[lldb-dev] LLDB Evolution - Final Form

Greg Clayton via lldb-dev lldb-dev at lists.llvm.org
Mon Sep 19 14:37:54 PDT 2016


> On Sep 19, 2016, at 2:24 PM, Zachary Turner <zturner at google.com> wrote:
> 
> 
> 
> On Mon, Sep 19, 2016 at 2:02 PM Greg Clayton <gclayton at apple.com> wrote:
> 
> > On Sep 19, 2016, at 1:18 PM, Zachary Turner via lldb-dev <lldb-dev at lists.llvm.org> wrote:
> >
> > Following up with Kate's post from a few weeks ago, I think the dust has settled on the code reformat and it went over pretty smoothly for the most part.  So I thought it might be worth throwing out some ideas for where we go from here.  I have a large list of ideas (more ideas than time, sadly) that I've been collecting over the past few weeks, so I figured I would throw them out in the open for discussion.
> >
> > I’ve grouped the areas for improvement into 3 high level categories.
> >
> >       • De-inventing the wheel - We should use more code from LLVM, and delete code in LLDB where LLVM provides a solution.  In cases where there is an LLVM thing that is *similar* to what we need, we should extend the LLVM thing to support what we need, and then use it.  Following are some areas I've identified.  This list is by no means complete.  For each one, I've given a personal assessment of how likely it is to cause some (temporary) hiccups, how much it would help us in the long run, and how difficult it would be to do.  Without further ado:
> >               • Use llvm::Regex instead of lldb::Regex
> >                       • llvm::Regex doesn’t support enhanced mode.  Could we add support for this to llvm::Regex?
> >                       • Risk: 6
> >                       • Impact: 3
> >                       • Difficulty / Effort: 3  (5 if we have to add enhanced mode support)
> 
> As long as it supports all of the features, then this is fine.

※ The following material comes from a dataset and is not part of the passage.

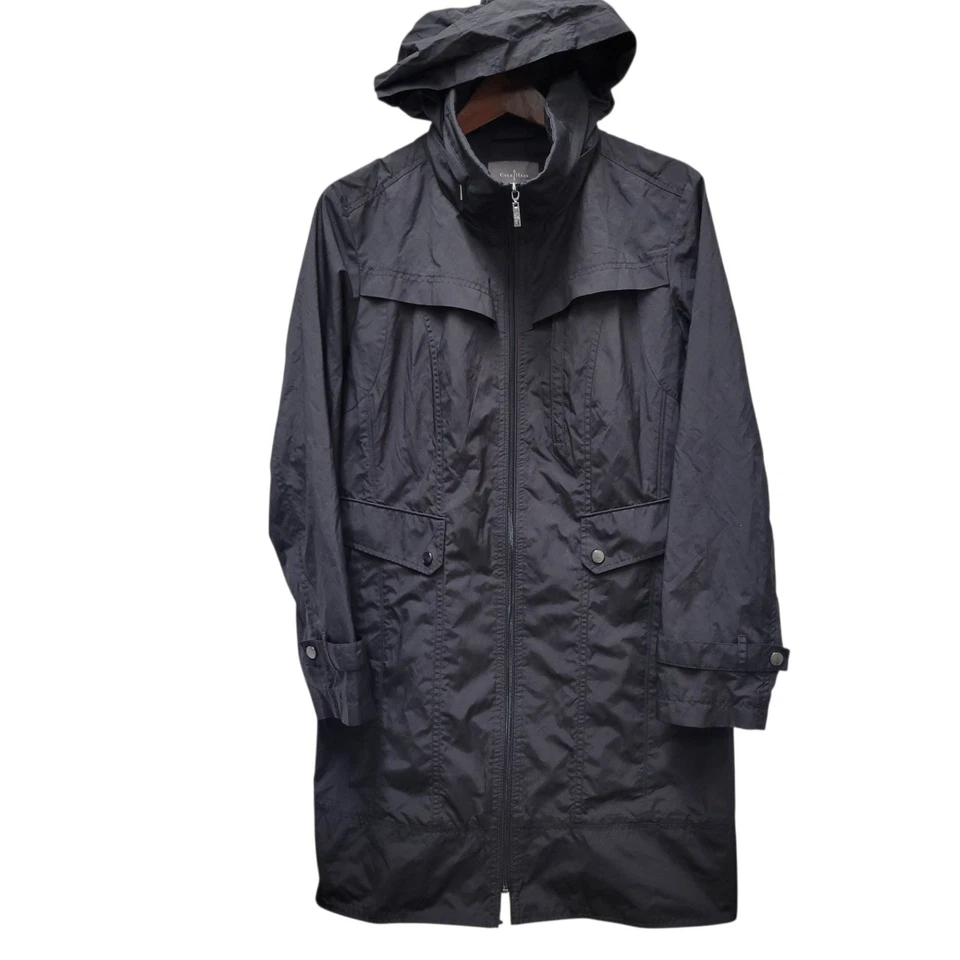 Chaqueta gabardina cortavientos con capucha cortavientos negra para mujer Cole Haan talla XL Foto 4 de 4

Otherwise we will need to modify the regular expressions to work with the LLVM version or back port any advances regex features we need into the LLVM regex parser.
> 
> >               • Use llvm streams instead of lldb::StreamString
> >                       • Supports output re-targeting (stderr, stdout, std::string, etc), printf style formatting, and type-safe streaming operators.
> >                       • Interoperates nicely with many existing llvm utility classes
> >                       • Risk: 4
> >                       • Impact: 5
> >                       • Difficulty / Effort: 7
> 
> I have worked extensively with both C++ streams and with printf. I don't find the type safe streaming operators to be readable and a great way to place things into streams. Part of my objection to this will be quelled if the LLVM streams are not stateful like C++ streams are (add an extra "std::hex" into the stream and suddenly other things down stream start coming out in hex). As long as printf functionality is in the LLVM streams I am ok with it.
> I agree with you on the streams for the most part.  llvm streams do not use stateful manipulators, although they do have stateless manipulators.  For example, you can write:
> 
> stream << llvm::format_hex(n);
> 
> and that would print n as hex, but it wouldn't affect the printing of subsequent items.  You also still get printf style formatting by using the llvm::format stateless manipulator.  Like this:
> 
> stream << llvm::format("%0.4f", myfloat)
>  
> 
> >               • Use llvm::Error instead of lldb::Error
> >                       • llvm::Error is an error class that *requires* you to check whether it succeeded or it will assert.  In a way, it's similar to a C++ exception, except that it doesn't come with the performance hit associated with exceptions.  It's extensible, and can be easily extended to support the various ways LLDB needs to construct errors and error messages.
> >                       • Would need to first rename lldb::Error to LLDBError so that te conversion from LLDBError to llvm::Error could be done incrementally.
> >                       • Risk: 7
> >                       • Impact: 7
> >                       • Difficulty / Effort: 8
> 
> We must be very careful here. Nothing can crash LLDB and adding something that will be known to crash in some cases can only be changed if there is a test that can guarantee that it won't crash. assert() calls in a shared library like LLDB are not OK and shouldn't fire. Even if they do, when asserts are off, then it shouldn't crash LLDB. We have made efforts to only use asserts in LLDB for things that really can't happen, but for things like constructing a StringRef with NULL is one example of why I don't want to use certain classes in LLVM. If we can remove the crash threat, then lets use them. But many people firmly believe that asserts belong in llvm and clang code and I don't agree. Also many asserts are in header files so even if you build llvm and clang with asserts off, but then build our project that uses LLVM with asserts on, you get LLVM and clang asserts when you don't want them.
> We can probably add something to llvm::Error to make it not assert but to do something else instead.  Something that would be up to the person raising the error, so we could say that all lldb errors wouldn't cause a problem.
> 
> As an aside, have you guys ever talked about the idea of using out of process isolation so it doesn't bring down all of xcode when it crashes?  Obviously it's a ton of work, but it would solve these kidns of problems.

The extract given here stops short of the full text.